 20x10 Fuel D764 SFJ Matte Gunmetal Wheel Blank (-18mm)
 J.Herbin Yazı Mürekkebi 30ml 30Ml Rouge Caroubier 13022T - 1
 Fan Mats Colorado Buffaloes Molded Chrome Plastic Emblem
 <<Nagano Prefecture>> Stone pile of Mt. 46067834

---

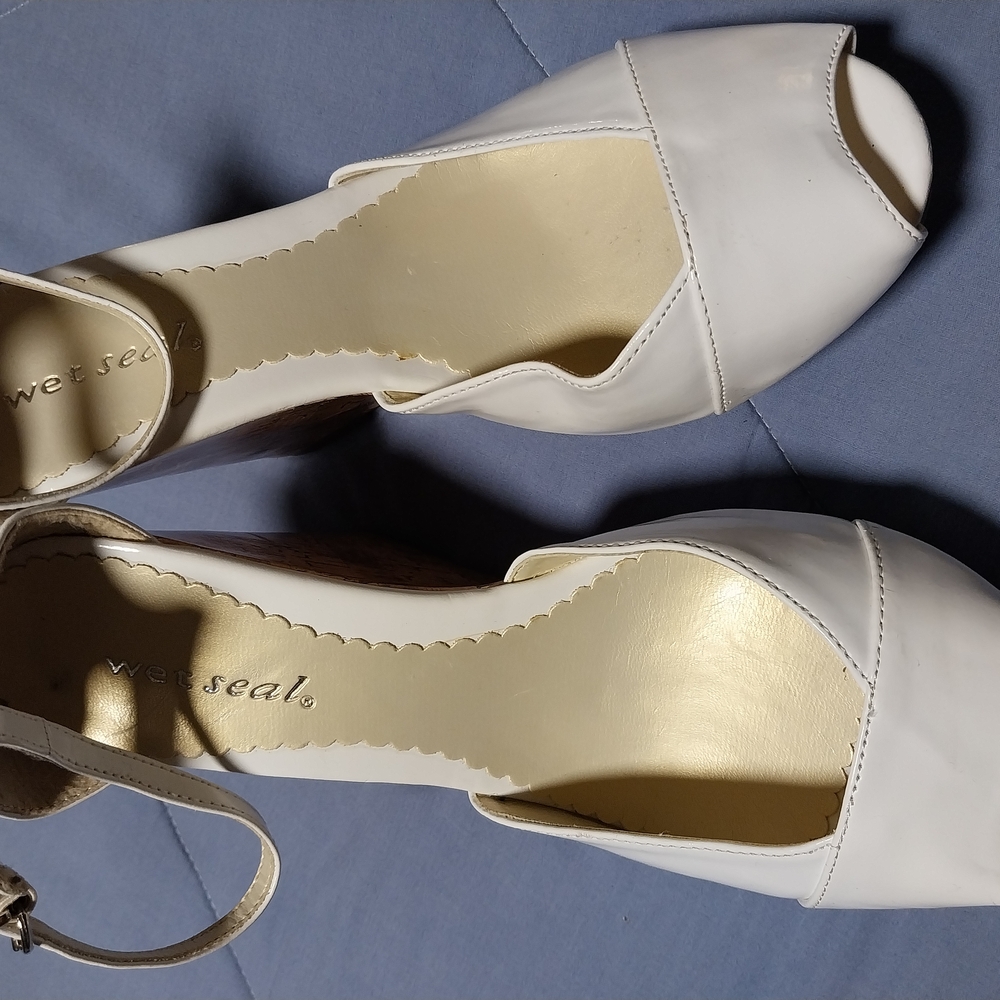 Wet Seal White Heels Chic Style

**Activity**. One stretch of the lines above is wanted, from the line that contains "20x10 Fuel D764" through the line that contains "<<Nagano Prefecture>> Stone". Output it exactly.

**Result of the exercise**.
 20x10 Fuel D764 SFJ Matte Gunmetal Wheel Blank (-18mm)
 J.Herbin Yazı Mürekkebi 30ml 30Ml Rouge Caroubier 13022T - 1
 Fan Mats Colorado Buffaloes Molded Chrome Plastic Emblem
 <<Nagano Prefecture>> Stone pile of Mt. 46067834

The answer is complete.